• [What is required]:
The output must match the entries below exactly.

• [Stored items from a collection]:

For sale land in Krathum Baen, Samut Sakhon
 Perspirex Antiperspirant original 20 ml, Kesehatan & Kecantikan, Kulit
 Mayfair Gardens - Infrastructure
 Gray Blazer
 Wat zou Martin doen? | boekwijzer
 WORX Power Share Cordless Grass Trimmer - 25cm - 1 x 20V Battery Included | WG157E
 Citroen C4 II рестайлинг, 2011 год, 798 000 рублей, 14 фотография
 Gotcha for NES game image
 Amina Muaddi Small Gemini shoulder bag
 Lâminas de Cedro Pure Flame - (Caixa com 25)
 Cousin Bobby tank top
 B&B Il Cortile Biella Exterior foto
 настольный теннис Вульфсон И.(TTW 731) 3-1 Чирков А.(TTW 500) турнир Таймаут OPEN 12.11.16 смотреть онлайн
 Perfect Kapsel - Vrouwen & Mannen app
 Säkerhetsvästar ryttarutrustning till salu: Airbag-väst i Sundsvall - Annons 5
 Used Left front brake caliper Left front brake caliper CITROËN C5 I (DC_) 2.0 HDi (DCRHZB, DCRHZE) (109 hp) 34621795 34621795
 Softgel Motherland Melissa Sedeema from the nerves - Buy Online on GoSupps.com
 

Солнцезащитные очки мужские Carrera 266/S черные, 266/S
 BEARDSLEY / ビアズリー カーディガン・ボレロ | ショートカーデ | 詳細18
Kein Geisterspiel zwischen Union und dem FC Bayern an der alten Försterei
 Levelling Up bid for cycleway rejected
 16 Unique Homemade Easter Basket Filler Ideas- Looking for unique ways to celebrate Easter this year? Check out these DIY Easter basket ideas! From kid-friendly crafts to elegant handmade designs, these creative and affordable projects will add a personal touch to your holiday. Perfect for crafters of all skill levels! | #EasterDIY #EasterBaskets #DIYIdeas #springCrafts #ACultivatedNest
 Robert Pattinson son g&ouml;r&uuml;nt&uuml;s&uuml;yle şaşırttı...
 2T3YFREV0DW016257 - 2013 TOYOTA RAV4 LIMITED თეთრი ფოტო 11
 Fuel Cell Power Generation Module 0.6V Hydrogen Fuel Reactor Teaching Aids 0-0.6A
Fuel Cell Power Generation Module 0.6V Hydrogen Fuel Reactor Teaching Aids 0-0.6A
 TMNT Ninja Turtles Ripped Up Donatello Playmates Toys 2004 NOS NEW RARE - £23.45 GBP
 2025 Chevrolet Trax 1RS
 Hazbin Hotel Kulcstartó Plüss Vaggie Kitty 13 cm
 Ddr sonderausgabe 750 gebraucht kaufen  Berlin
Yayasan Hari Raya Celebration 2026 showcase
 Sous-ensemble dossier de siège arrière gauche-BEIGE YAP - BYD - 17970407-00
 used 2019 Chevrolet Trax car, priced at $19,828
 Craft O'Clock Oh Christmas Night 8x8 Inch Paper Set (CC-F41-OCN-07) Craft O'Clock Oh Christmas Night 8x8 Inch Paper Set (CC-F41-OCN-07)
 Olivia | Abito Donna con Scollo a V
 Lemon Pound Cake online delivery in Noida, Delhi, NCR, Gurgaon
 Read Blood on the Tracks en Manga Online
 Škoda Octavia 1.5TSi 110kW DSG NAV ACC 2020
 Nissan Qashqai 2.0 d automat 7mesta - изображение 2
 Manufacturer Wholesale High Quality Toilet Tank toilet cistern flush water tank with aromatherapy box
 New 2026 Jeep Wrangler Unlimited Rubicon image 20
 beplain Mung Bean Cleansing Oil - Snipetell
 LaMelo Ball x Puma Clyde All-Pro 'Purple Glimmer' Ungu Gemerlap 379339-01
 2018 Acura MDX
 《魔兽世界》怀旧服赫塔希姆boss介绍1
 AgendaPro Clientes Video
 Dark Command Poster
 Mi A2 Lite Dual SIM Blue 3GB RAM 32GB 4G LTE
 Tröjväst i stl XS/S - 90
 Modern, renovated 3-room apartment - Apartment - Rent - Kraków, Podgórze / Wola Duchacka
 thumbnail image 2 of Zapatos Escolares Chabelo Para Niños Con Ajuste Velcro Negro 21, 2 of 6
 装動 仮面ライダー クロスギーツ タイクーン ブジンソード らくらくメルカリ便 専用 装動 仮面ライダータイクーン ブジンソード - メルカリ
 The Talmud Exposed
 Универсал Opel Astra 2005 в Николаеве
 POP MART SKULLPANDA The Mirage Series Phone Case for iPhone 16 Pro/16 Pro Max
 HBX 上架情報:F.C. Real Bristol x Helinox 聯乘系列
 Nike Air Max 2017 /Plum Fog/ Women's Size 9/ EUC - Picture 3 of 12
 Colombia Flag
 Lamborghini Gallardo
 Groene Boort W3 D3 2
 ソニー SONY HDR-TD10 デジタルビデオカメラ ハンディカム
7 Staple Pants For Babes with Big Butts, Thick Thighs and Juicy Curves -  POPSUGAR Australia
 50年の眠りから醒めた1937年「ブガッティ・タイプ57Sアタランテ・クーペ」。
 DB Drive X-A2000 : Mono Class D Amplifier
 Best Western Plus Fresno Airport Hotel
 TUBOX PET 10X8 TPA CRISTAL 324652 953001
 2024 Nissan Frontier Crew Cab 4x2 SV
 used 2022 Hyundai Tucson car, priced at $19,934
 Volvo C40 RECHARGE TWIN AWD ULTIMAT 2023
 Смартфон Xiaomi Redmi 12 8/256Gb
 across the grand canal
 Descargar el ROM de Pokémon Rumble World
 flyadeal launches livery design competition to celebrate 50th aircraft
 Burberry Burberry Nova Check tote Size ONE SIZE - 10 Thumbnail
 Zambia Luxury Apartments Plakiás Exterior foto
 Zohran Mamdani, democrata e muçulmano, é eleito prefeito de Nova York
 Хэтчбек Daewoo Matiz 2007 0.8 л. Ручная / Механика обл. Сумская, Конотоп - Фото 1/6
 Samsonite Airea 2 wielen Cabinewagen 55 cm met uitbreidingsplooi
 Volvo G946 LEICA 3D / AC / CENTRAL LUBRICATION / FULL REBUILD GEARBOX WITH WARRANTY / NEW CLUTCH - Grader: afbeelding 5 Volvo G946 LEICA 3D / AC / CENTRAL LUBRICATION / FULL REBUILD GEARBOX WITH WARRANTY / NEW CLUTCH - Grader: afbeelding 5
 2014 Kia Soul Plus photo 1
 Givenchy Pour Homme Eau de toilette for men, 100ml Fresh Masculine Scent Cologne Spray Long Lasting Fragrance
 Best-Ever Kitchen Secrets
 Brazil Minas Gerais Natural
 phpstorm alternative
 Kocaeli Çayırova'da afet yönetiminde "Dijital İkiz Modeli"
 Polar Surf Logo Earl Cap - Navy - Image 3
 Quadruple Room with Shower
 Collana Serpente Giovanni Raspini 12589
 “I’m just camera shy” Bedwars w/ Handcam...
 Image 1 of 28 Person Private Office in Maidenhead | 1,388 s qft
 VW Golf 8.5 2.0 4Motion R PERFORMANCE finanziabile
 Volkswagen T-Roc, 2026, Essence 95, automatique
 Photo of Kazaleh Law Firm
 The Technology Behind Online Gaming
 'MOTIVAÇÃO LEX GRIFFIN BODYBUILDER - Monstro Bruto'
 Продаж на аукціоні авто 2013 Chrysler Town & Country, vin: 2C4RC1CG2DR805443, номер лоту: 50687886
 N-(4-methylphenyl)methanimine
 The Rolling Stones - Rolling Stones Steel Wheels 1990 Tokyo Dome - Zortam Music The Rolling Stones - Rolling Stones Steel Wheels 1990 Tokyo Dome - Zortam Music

• [Result]:
For sale land in Krathum Baen, Samut Sakhon
 Perspirex Antiperspirant original 20 ml, Kesehatan & Kecantikan, Kulit
 Mayfair Gardens - Infrastructure
 Gray Blazer
 Wat zou Martin doen? | boekwijzer
 WORX Power Share Cordless Grass Trimmer - 25cm - 1 x 20V Battery Included | WG157E
 Citroen C4 II рестайлинг, 2011 год, 798 000 рублей, 14 фотография
 Gotcha for NES game image
 Amina Muaddi Small Gemini shoulder bag
 Lâminas de Cedro Pure Flame - (Caixa com 25)
 Cousin Bobby tank top
 B&B Il Cortile Biella Exterior foto
 настольный теннис Вульфсон И.(TTW 731) 3-1 Чирков А.(TTW 500) турнир Таймаут OPEN 12.11.16 смотреть онлайн
 Perfect Kapsel - Vrouwen & Mannen app
 Säkerhetsvästar ryttarutrustning till salu: Airbag-väst i Sundsvall - Annons 5
 Used Left front brake caliper Left front brake caliper CITROËN C5 I (DC_) 2.0 HDi (DCRHZB, DCRHZE) (109 hp) 34621795 34621795
 Softgel Motherland Melissa Sedeema from the nerves - Buy Online on GoSupps.com
 

Солнцезащитные очки мужские Carrera 266/S черные, 266/S
 BEARDSLEY / ビアズリー カーディガン・ボレロ | ショートカーデ | 詳細18
Kein Geisterspiel zwischen Union und dem FC Bayern an der alten Försterei
 Levelling Up bid for cycleway rejected
 16 Unique Homemade Easter Basket Filler Ideas- Looking for unique ways to celebrate Easter this year? Check out these DIY Easter basket ideas! From kid-friendly crafts to elegant handmade designs, these creative and affordable projects will add a personal touch to your holiday. Perfect for crafters of all skill levels! | #EasterDIY #EasterBaskets #DIYIdeas #springCrafts #ACultivatedNest
 Robert Pattinson son g&ouml;r&uuml;nt&uuml;s&uuml;yle şaşırttı...
 2T3YFREV0DW016257 - 2013 TOYOTA RAV4 LIMITED თეთრი ფოტო 11
 Fuel Cell Power Generation Module 0.6V Hydrogen Fuel Reactor Teaching Aids 0-0.6A
Fuel Cell Power Generation Module 0.6V Hydrogen Fuel Reactor Teaching Aids 0-0.6A
 TMNT Ninja Turtles Ripped Up Donatello Playmates Toys 2004 NOS NEW RARE - £23.45 GBP
 2025 Chevrolet Trax 1RS
 Hazbin Hotel Kulcstartó Plüss Vaggie Kitty 13 cm
 Ddr sonderausgabe 750 gebraucht kaufen  Berlin
Yayasan Hari Raya Celebration 2026 showcase
 Sous-ensemble dossier de siège arrière gauche-BEIGE YAP - BYD - 17970407-00
 used 2019 Chevrolet Trax car, priced at $19,828
 Craft O'Clock Oh Christmas Night 8x8 Inch Paper Set (CC-F41-OCN-07) Craft O'Clock Oh Christmas Night 8x8 Inch Paper Set (CC-F41-OCN-07)
 Olivia | Abito Donna con Scollo a V
 Lemon Pound Cake online delivery in Noida, Delhi, NCR, Gurgaon
 Read Blood on the Tracks en Manga Online
 Škoda Octavia 1.5TSi 110kW DSG NAV ACC 2020
 Nissan Qashqai 2.0 d automat 7mesta - изображение 2
 Manufacturer Wholesale High Quality Toilet Tank toilet cistern flush water tank with aromatherapy box
 New 2026 Jeep Wrangler Unlimited Rubicon image 20
 beplain Mung Bean Cleansing Oil - Snipetell
 LaMelo Ball x Puma Clyde All-Pro 'Purple Glimmer' Ungu Gemerlap 379339-01
 2018 Acura MDX
 《魔兽世界》怀旧服赫塔希姆boss介绍1
 AgendaPro Clientes Video
 Dark Command Poster
 Mi A2 Lite Dual SIM Blue 3GB RAM 32GB 4G LTE
 Tröjväst i stl XS/S - 90
 Modern, renovated 3-room apartment - Apartment - Rent - Kraków, Podgórze / Wola Duchacka
 thumbnail image 2 of Zapatos Escolares Chabelo Para Niños Con Ajuste Velcro Negro 21, 2 of 6
 装動 仮面ライダー クロスギーツ タイクーン ブジンソード らくらくメルカリ便 専用 装動 仮面ライダータイクーン ブジンソード - メルカリ
 The Talmud Exposed
 Универсал Opel Astra 2005 в Николаеве
 POP MART SKULLPANDA The Mirage Series Phone Case for iPhone 16 Pro/16 Pro Max
 HBX 上架情報:F.C. Real Bristol x Helinox 聯乘系列
 Nike Air Max 2017 /Plum Fog/ Women's Size 9/ EUC - Picture 3 of 12
 Colombia Flag
 Lamborghini Gallardo
 Groene Boort W3 D3 2
 ソニー SONY HDR-TD10 デジタルビデオカメラ ハンディカム
7 Staple Pants For Babes with Big Butts, Thick Thighs and Juicy Curves -  POPSUGAR Australia
 50年の眠りから醒めた1937年「ブガッティ・タイプ57Sアタランテ・クーペ」。
 DB Drive X-A2000 : Mono Class D Amplifier
 Best Western Plus Fresno Airport Hotel
 TUBOX PET 10X8 TPA CRISTAL 324652 953001
 2024 Nissan Frontier Crew Cab 4x2 SV
 used 2022 Hyundai Tucson car, priced at $19,934
 Volvo C40 RECHARGE TWIN AWD ULTIMAT 2023
 Смартфон Xiaomi Redmi 12 8/256Gb
 across the grand canal
 Descargar el ROM de Pokémon Rumble World
 flyadeal launches livery design competition to celebrate 50th aircraft
 Burberry Burberry Nova Check tote Size ONE SIZE - 10 Thumbnail
 Zambia Luxury Apartments Plakiás Exterior foto
 Zohran Mamdani, democrata e muçulmano, é eleito prefeito de Nova York
 Хэтчбек Daewoo Matiz 2007 0.8 л. Ручная / Механика обл. Сумская, Конотоп - Фото 1/6
 Samsonite Airea 2 wielen Cabinewagen 55 cm met uitbreidingsplooi
 Volvo G946 LEICA 3D / AC / CENTRAL LUBRICATION / FULL REBUILD GEARBOX WITH WARRANTY / NEW CLUTCH - Grader: afbeelding 5 Volvo G946 LEICA 3D / AC / CENTRAL LUBRICATION / FULL REBUILD GEARBOX WITH WARRANTY / NEW CLUTCH - Grader: afbeelding 5
 2014 Kia Soul Plus photo 1
 Givenchy Pour Homme Eau de toilette for men, 100ml Fresh Masculine Scent Cologne Spray Long Lasting Fragrance
 Best-Ever Kitchen Secrets
 Brazil Minas Gerais Natural
 phpstorm alternative
 Kocaeli Çayırova'da afet yönetiminde "Dijital İkiz Modeli"
 Polar Surf Logo Earl Cap - Navy - Image 3
 Quadruple Room with Shower
 Collana Serpente Giovanni Raspini 12589
 “I’m just camera shy” Bedwars w/ Handcam...
 Image 1 of 28 Person Private Office in Maidenhead | 1,388 s qft
 VW Golf 8.5 2.0 4Motion R PERFORMANCE finanziabile
 Volkswagen T-Roc, 2026, Essence 95, automatique
 Photo of Kazaleh Law Firm
 The Technology Behind Online Gaming
 'MOTIVAÇÃO LEX GRIFFIN BODYBUILDER - Monstro Bruto'
 Продаж на аукціоні авто 2013 Chrysler Town & Country, vin: 2C4RC1CG2DR805443, номер лоту: 50687886
 N-(4-methylphenyl)methanimine
 The Rolling Stones - Rolling Stones Steel Wheels 1990 Tokyo Dome - Zortam Music The Rolling Stones - Rolling Stones Steel Wheels 1990 Tokyo Dome - Zortam Music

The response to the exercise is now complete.